SULAIMANI (ESTA) — Oil prices tumbled more than $5 on Monday as fears over weaker fuel demand in China grew after financial hub Shanghai launched a two-stage lockdown to contain a surge in COVID-19 infections.
Brent crude futures slid as low as $115.32 a barrel and were trading down $4.37 at $116.3 at 0753 GMT.
U.S. West Texas Intermediate (WTI) crude futures hit a low of $108.28 a barrel, and were down $4.44 at $109.5.
Both benchmark contracts rose 1.4% on Friday, notching their first weekly gains in three weeks, with Brent surging 11.8% and WTI climbing 8.8%.
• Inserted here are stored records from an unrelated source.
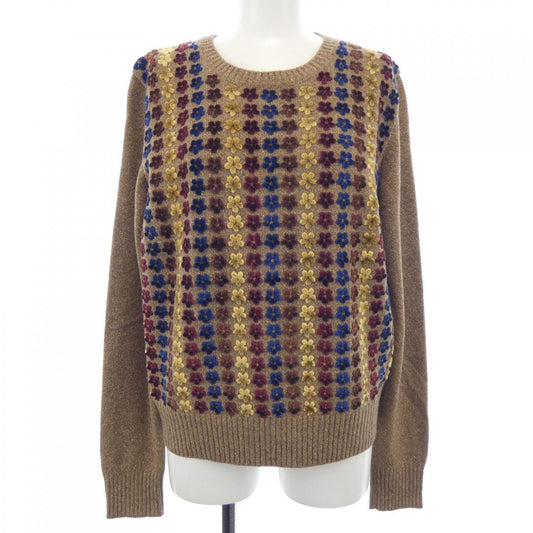 Chanel Cashmere Knit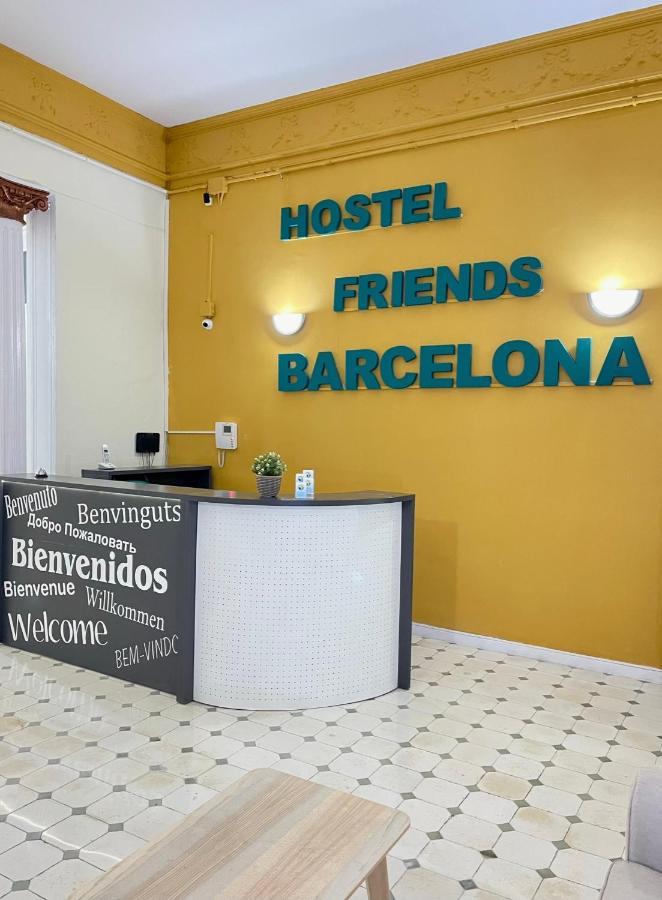 Friends Casa de hóspedes Barcelona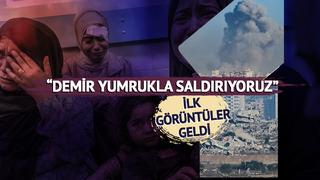 Korkulan oldu, tanklar şehre girdi! İsrail'in şeytani planı bu kez farklı: Gazze yanıyor, demir yumrukla saldırıyoruz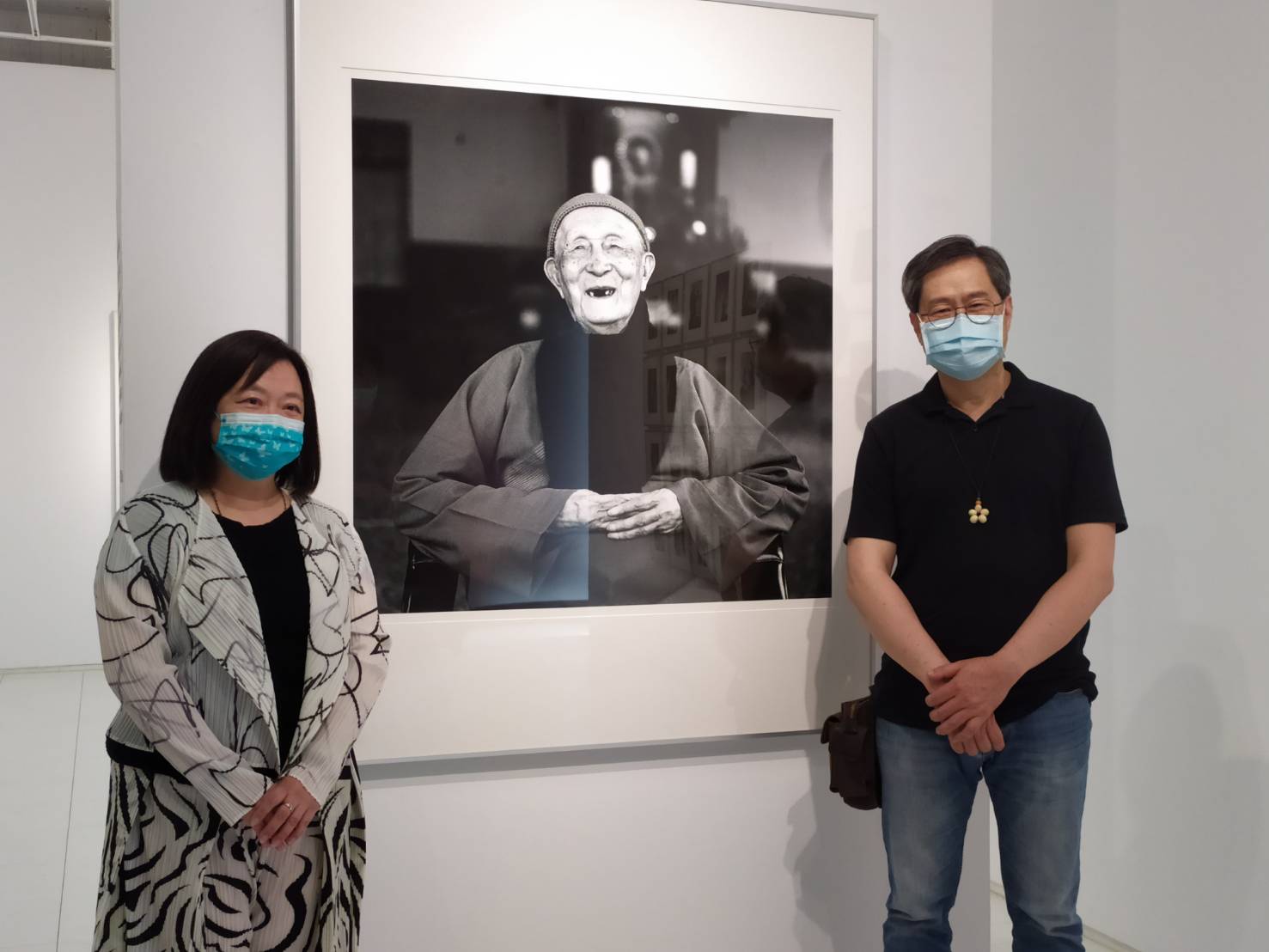 遠方的鼓聲-曾敏雄攝影展　「台灣頭」訴說百大風雲故事 - https://www.watchmedia01.com
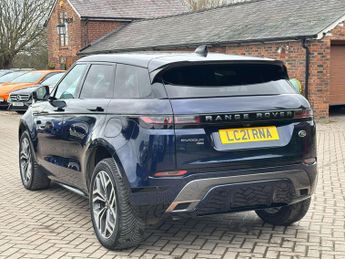 Land Rover Range Rover Evoque 1.5 P300e 12.2kWh R-Dynamic SE Auto 4WD Euro 6 (s/s) 5dr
“Shanghai’s lockdown prompted a fresh sell-off from disappointed investors as they expected such a lockdown would be avoided,” Reuters quoted Kazuhiko Saito, chief analyst at Fujitomi Securities as saying.
Shanghai launched a two-stage lockdown of the city of 26 million people on Monday, closing bridges and tunnels, and restricting highway traffic to contain surging local COVID-19 cases.
Saito also said the bullish reaction to a missile attack by Yemen’s Houthis on a Saudi oil distribution facility had ran its course on Friday, according to Reuters.
But he expected the oil market to turn bullish when the Organization of the Petroleum Exporting Countries (OPEC) and allies, known as OPEC+, meet on Thursday, as the group was “less likely to raise oil output at a faster pace than in recent months”.